スランプ試験に関する建設現場イメージ
Slump Test

スランプ試験

Slump Test

管理の5本柱
すらんぷしけん

スランプ試験の概要

スランプ試験は、レディーミクストコンクリートが現場に到着した際に実施する基本的な品質検査です。JIS A 1101に規定された試験方法で、スランプコーン(高さ300mm、上部直径100mm、下部直径200mmの円錐形)を用いてコンクリートの軟らかさを数値化します。

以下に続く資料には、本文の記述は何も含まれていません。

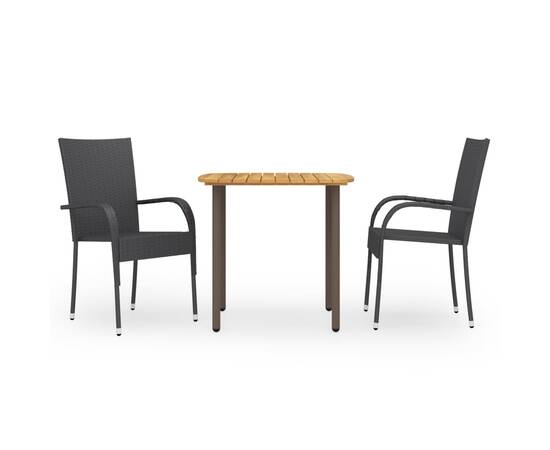 Set mobilier de grădină, 3 piese, negru, poliratan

試験結果は、コンクリートのワーカビリティーを定量的に評価する重要な指標となり、設計で指定された調合が正しく実行されているか、また打設時の気象条件による変化がないかを確認するために用いられます。

試験方法と手順

スランプ試験の実施手順は以下の通りです。

  1. 試料採取:ミキサー車から取り出したコンクリート約15リットルを採取。複数地点から均等に採取します
  2. スランプコーン準備:内面を軽く湿らせ、平坦な鋼板上に垂直に立てます
  3. コンクリート詰込み:コーン内にコンクリートを3層に分けて投入。各層を25回ほどタンピングして層状に締固めます
  4. 高さ測定:コーン引き上げ直後、コンクリート最高部までの沈下量(mm)をスランプ値として測定
  5. 記録:スランプ値を施工記録に記入し、設計値との照合を行います

測定は試料採取から5分以内に実施することが規定されており、迅速性が求められます。

スランプ値の解釈と設計値

スランプ値は、一般的に5cm~18cm程度の範囲で指定されます。値が大きいほどコンクリートが軟らかく(流動性が高く)、小さいほど硬いということを意味します。

設計値からの許容差は通常±25mmとされており、この範囲内でなければ調合の修正(水やセメント量の調整)が必要です。スランプ値が設計値より大きい場合は水分が多すぎることを示し、水セメント比が高くなっているため、強度低下の原因となります。逆に小さい場合は、骨材の粒度分布不良や気温低下などの原因が考えられます。

現場での実用性と制限

スランプ試験は費用が低く、現場で簡単に実施できる利点がある一方、いくつかの制限があります。特に、スランプが10cm以上のコンクリート(流動化コンクリート)では、スランプが一定値以上になると測定値が飽和してしまい、流動性の細かい違いを区別できません。このような場合には、ワーカビリティーの評価にスランプフロー試験(JIS A 1150)を併用することが推奨されます。

スランプ値と強度・耐久性の関係

スランプ値と水セメント比の間には強い相関関係があります。一般的に、スランプが大きいほど水セメント比が高くなり、コンクリートの圧縮強度や耐久性が低下する傾向にあります。

したがって、スランプ試験は単なる施工性の確認ではなく、間接的に強度管理の手段でもあります。設計時に定められたスランプ値は、所要の設計基準強度と施工性のバランスを考慮して決定されています。現場でスランプ値が設計値から外れた場合、コンクリート自体の品質が変わっていることを示す警告信号として機能します。

特に、骨材の含水率が季節や天候によって変化する場合、同じレディーミクストコンクリートでもスランプが変動することがあります。施工管理者は、定期的なスランプ試験を通じてこうした変動を捉え、混合水の調整を指示する判断力が求められます。

試験規格
JIS A 1101に基づく。スランプコーン高300mm、上部径100mm、下部径200mm
設計値の許容差
一般的に±25mm。この範囲内でなければ調合修正が必要
実施タイミング
試料採取から5分以内に実施。現場到着時の最初の確認として重要

柴田工業の現場から

上沢直二
上沢直二 事務・現場兼務

毎日のスランプ試験は地味ですが、これがコンクリート品質管理の第一関門。設計値との照合を確実に記録することが、後々のトラブル予防につながります。